Rimbaud y a vu une liaison opportune qui a relancé les associations d'idées qu'il avait au moment de composer "Ce qu'on dit au poète à propos de fleurs".
Evidemment, il y a peu de place pour imposer une influence décisive des triolets du 19 septembre sur le quatrain ramassé composé par Rimbaud. Certains éléments n'apparaissent tout simplement pas dans les pièces de Silvestre, le mot "balançoirs" par exemple. Le premier vers : "O balançoirs ! ô lys ! clysopompes d'argent !" est clairement une reprise du poème envoyé à Banville, à tel point que les rimbaldiens avaient considéré comme sans intérêt d'aller éplucher les vers de Silvestre. Il était admis que Rimbaud parlait à un trop haut degré de généralité que pour s'intéresser à une source expresse du côté des poésies d'Armand Silvestre.
Les vers 3 et 4 s'inspiraient directement d'un sonnet païen de Silvestre, jusqu'à la reprise du nom "étamines"  à la rime.
Notons que plutôt que de reprendre la mention "avril" Rimbaud a privilégié la mention de "L'aurore", et au passage je fais le lien avec le recueil Les Chants de l'aube de Ricard, d'où provient la source au monostiche : "L'humanité chaussait le vaste enfant Progrès !", monostiche contre poème-quatrain.

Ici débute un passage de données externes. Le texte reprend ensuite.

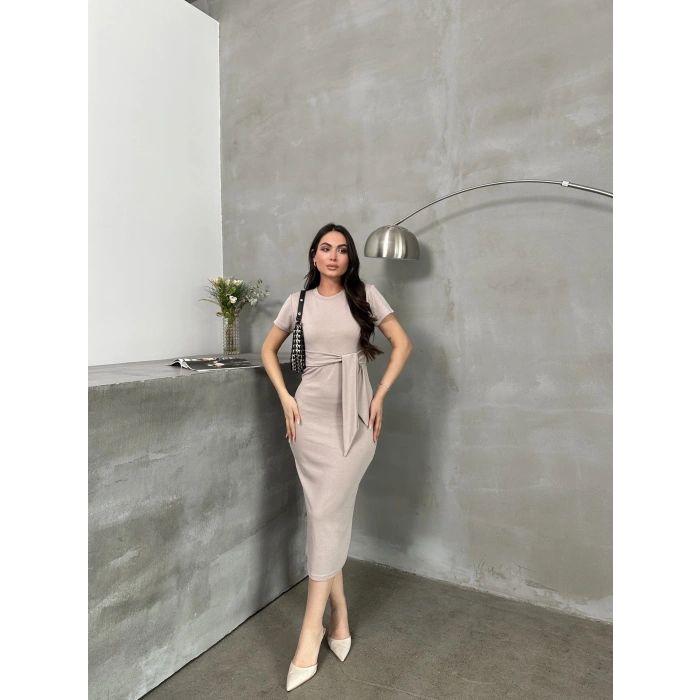 petite ateiler Kuşaklı mdl esnek kumaşlı elbise bej pt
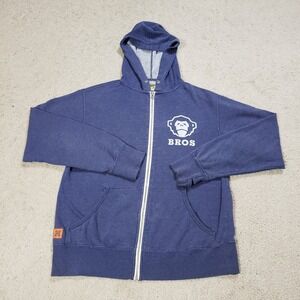 Howler Brothers Hoodie Mens Small Blue Full Zip Pockets Preppy Outdoor FLAW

On peut pourtant noter que les triolets n'établissent pas qu'un lien entre Banville et Silvestre, ils établissent aussi un lien par les lys qui éclairent que l'accusation faite à Banville de ne trouver nulle part des lys passent en ironie mordante sur les lys des poèmes de Silvestre. Non seulement dans les deux poèmes il y a une ironie à propos de fleurs poétiques abondantes qu'on ne voit nulle part dans la Nature, mais il y a une ironie autour de son symbole politique : "Monsieur de Kerdrel" et "Dédaigneux des travaux, dédaigneux des famines[.]"
Nous avons aussi une liaison politique qui se précise au sujet des étamines, puisque l'attaque des "Triolets du Bon voyage" commence par les vacances de Brun, qui loin d'être un ours est assimilé à une abeille : "distille le miel / De tes futures éloquences."
Il va de soi aussi que le poème de Rimbaud redouble la raillerie des trois premiers des vers suivants signés Ludovic Hans :
Quand Belcastel nous reviendra,
La neige couvrira la France.
Des fleurs de lis il en fera,
Quand Belcastel nous reviendra.
Puis, fleurs et neige, tout fondra,
Avril ramenant l'espérance.
- Quand Belcastel nous reviendra,
La neige couvrira la France.
J'ai cité l'intégralité de cette strophe-triolet, à cause de la mention clef "avril".
Le reste des "Triolets du Bon voyage" ne me fait pas relever une autre source sensible. Là, comme ça, je ne vois rien d'autre à relever.
Toutefois, le poème en triolets fait suite à un article en prose que je n'ai pas encore lu, vu que je dois manger et travailler cet après-midi, il est déjà 13h50, je suis en retard.
Et mon article sur Ricard, je suis vachement brimé moi avec cette découverte du jour... Boah ! cette découverte m'a bien plu, mon article peut attendre quelques jours de plus.